In deze zaak heeft het Gerechtshof Arnhem-Leeuwarden op 21 februari 2019 uitspraak gedaan in het beroep van een terbeschikkinggestelde, geboren in Somalië in 1980, die verblijft onder de verantwoordelijkheid van Reclassering Nederland. Het beroep was gericht tegen de beslissing van de rechtbank Oost-Brabant van 19 oktober 2018, die de terbeschikkingstelling met een jaar had verlengd. De rechtbank had de reclassering de opdracht gegeven om te onderzoeken of een voorwaardelijke beëindiging van de verpleging van overheidswege mogelijk was, en of de noodzakelijke zorg geborgd kon worden binnen een ander kader, zoals de Wet BOPZ.

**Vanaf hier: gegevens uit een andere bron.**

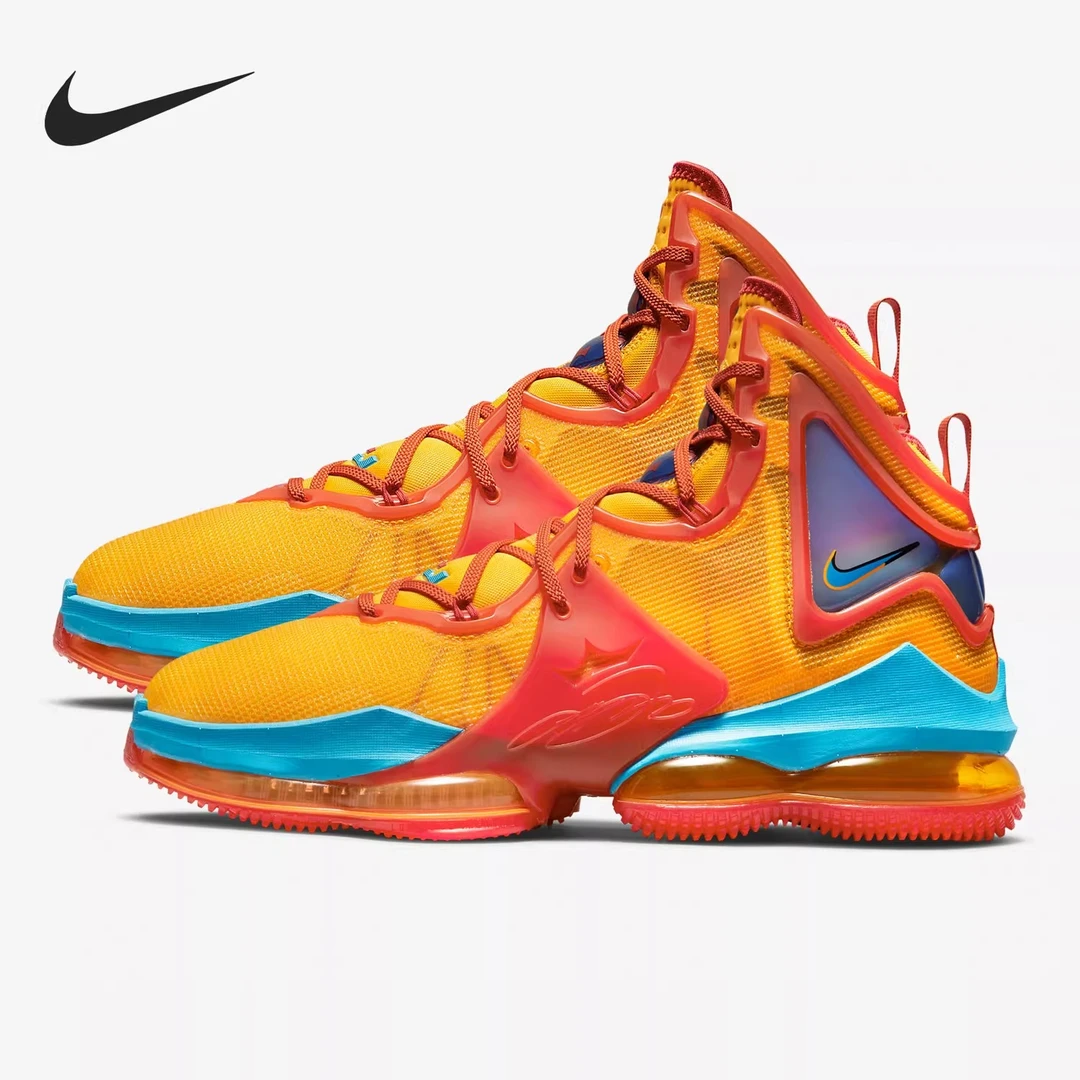 Nike Lebron 19大灌篮高帮实战篮球鞋男女同款蓝色 DC9342-800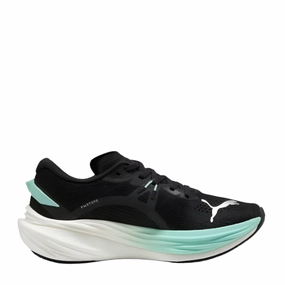 PUMA Women's Deviate NITRO 3 Running Shoes in PUMA Black/Mint Melt AW25 Puma breathable running sneakers for daily runs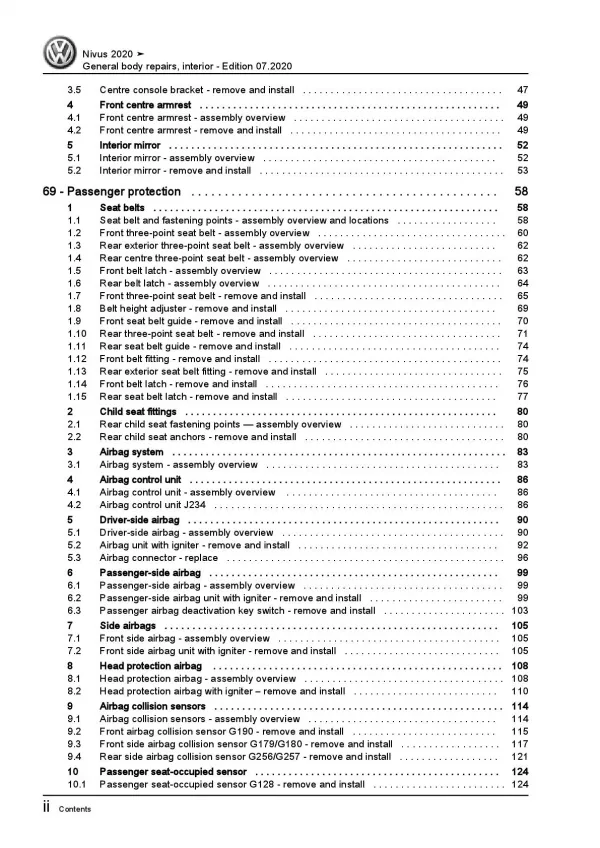 VW Nivus CS from 2020 general body repairs interior repair workshop manual pdf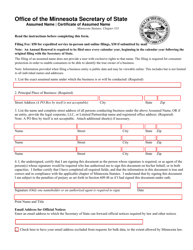 Certificate of Assumed Name Registration - Minnesota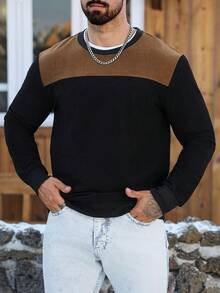 Manfinity CasualCool Sweat-shirt col rond en velours côtelé patchwork pour hommes, noir et marron, couleurs d'automne/hiver, pièce essentielle et chaude pour l'hiver, peut être porté en couche intérieure ou extérieure - Noir - Voir 5
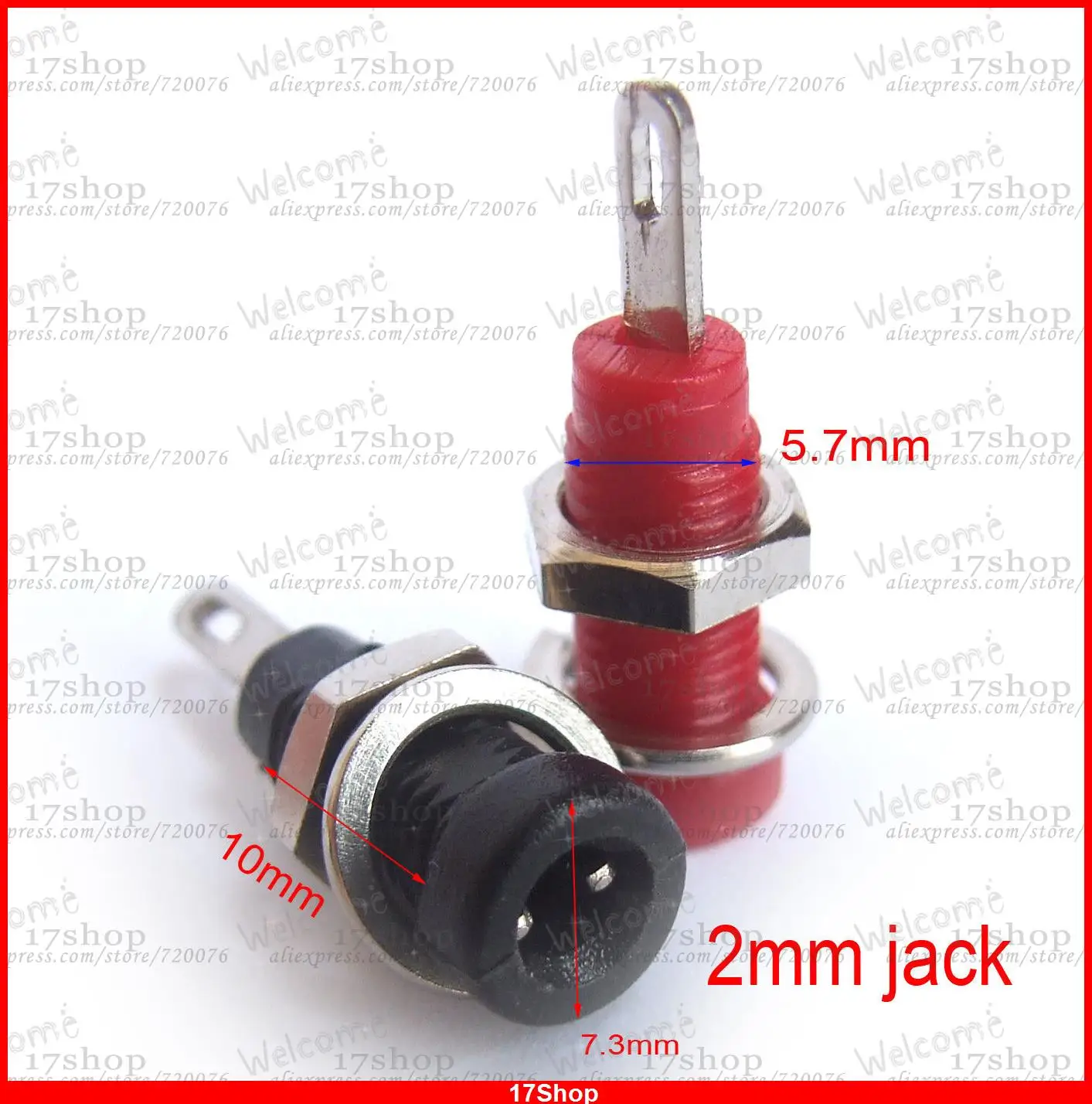 

50PCS 2mm Banana Socket binding posts 2.0mm jack Terminals for Test Probes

Tijdens de zitting op 7 februari 2019 heeft het hof de terbeschikkinggestelde en zijn raadsman, mr. M.A. Prins, gehoord, evenals de advocaat-generaal, mr. L.H.J. Vijlbrief-Smit. De terbeschikkinggestelde functioneerde goed en er werd gepleit voor een onderzoek naar de mogelijkheden van overgang naar reguliere geestelijke gezondheidszorg. Het openbaar ministerie benadrukte echter dat zorgvuldigheid en alertheid geboden blijven, en dat de terbeschikkinggestelde nog begeleiding nodig heeft.
Het hof heeft het verzoek van de terbeschikkinggestelde tot onderzoek naar de mogelijkheden van overgang naar reguliere geestelijke gezondheidszorg afgewezen, omdat de noodzakelijkheid daarvan niet was aangetoond. Het hof oordeelde dat het huidige traject goed verloopt en dat de terbeschikkinggestelde zich aan de afspraken houdt. Wel vond het hof het wenselijk dat de reclassering voorafgaand aan de volgende verlengingszitting rapporteert over de mogelijkheden van overgang naar reguliere geestelijke gezondheidszorg.
Het hof heeft de beslissing van de rechtbank gedeeltelijk vernietigd, omdat de rechtbank geen imperatieve opdracht aan de reclassering kon geven om het onderzoek uit te voeren. Voor het overige bevestigde het hof de beslissing van de rechtbank om de terbeschikkingstelling met een jaar te verlengen.